> _Action item_:
Instruction for the listing below: copy exactly, and only, the lines from the one holding "Цифровые станции телевидения." through its last line, omitting any picture.

> _Task input_:
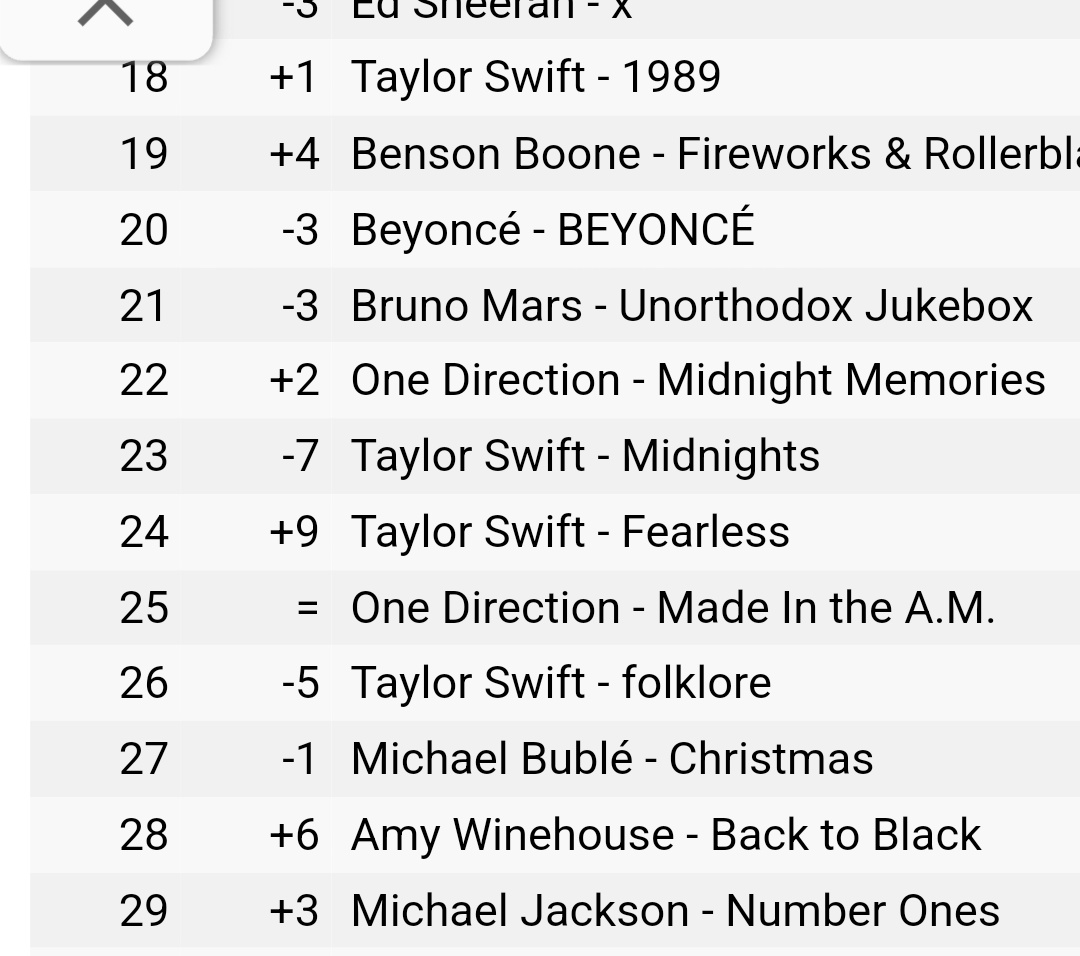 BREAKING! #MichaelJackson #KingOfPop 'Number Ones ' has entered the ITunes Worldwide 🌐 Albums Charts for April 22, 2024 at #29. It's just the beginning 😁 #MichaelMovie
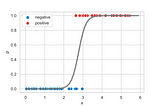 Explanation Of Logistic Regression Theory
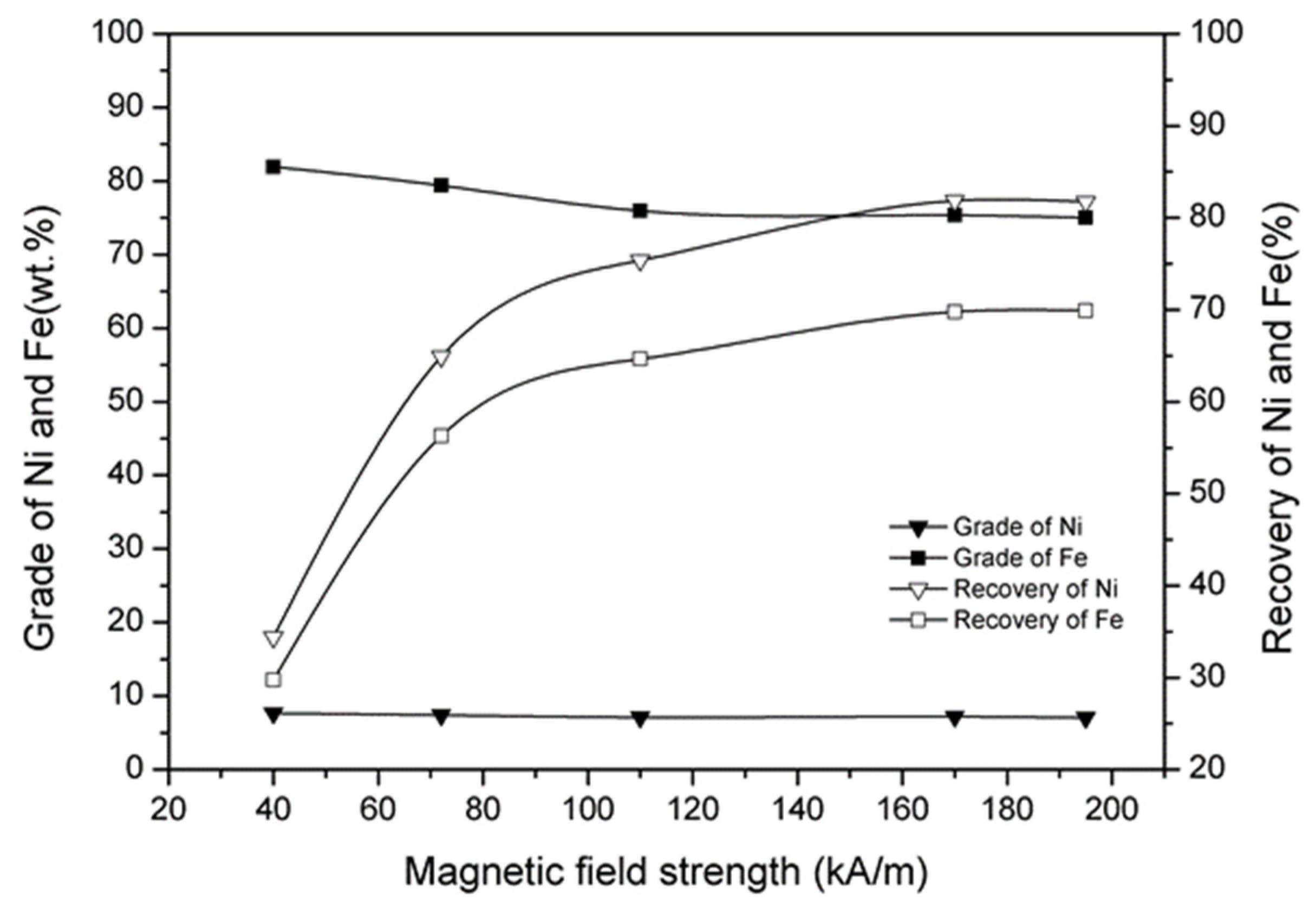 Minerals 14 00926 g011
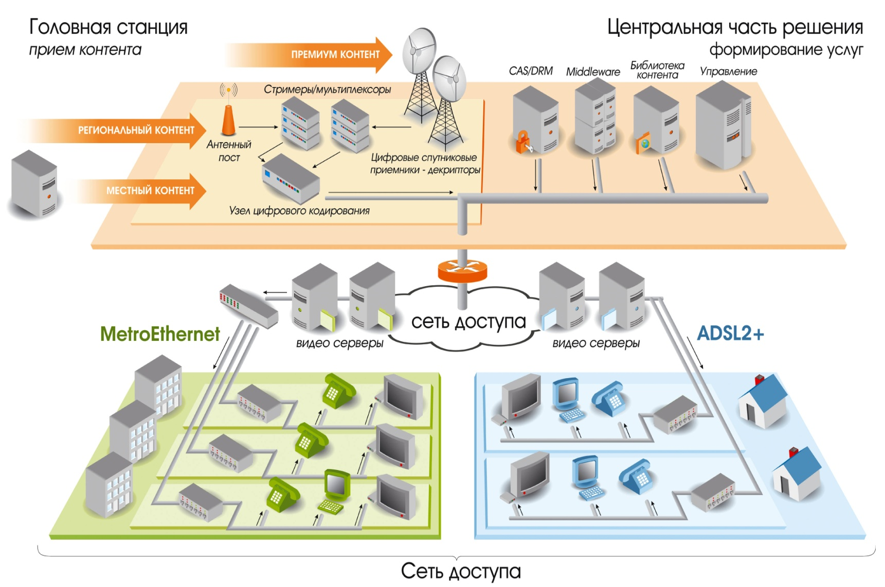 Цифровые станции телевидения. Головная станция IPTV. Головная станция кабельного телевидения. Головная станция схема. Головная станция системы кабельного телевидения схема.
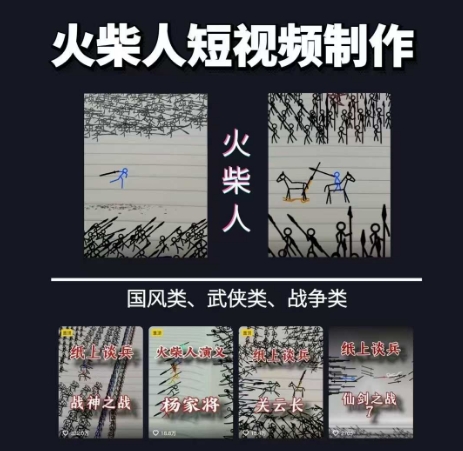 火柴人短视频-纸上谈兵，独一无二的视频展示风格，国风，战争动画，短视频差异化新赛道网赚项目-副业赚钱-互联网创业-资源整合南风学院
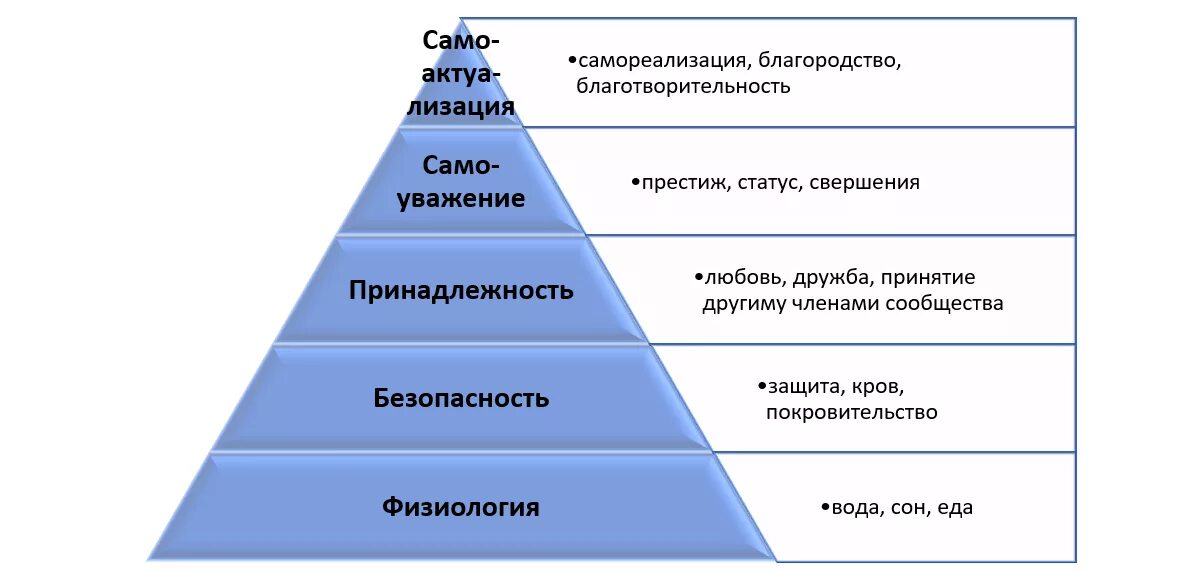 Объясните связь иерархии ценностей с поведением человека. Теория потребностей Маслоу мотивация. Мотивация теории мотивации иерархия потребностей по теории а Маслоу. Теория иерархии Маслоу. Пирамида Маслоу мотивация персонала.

> _Solved problem_:
 Цифровые станции телевидения. Головная станция IPTV. Головная станция кабельного телевидения. Головная станция схема. Головная станция системы кабельного телевидения схема.
 火柴人短视频-纸上谈兵，独一无二的视频展示风格，国风，战争动画，短视频差异化新赛道网赚项目-副业赚钱-互联网创业-资源整合南风学院
 Объясните связь иерархии ценностей с поведением человека. Теория потребностей Маслоу мотивация. Мотивация теории мотивации иерархия потребностей по теории а Маслоу. Теория иерархии Маслоу. Пирамида Маслоу мотивация персонала.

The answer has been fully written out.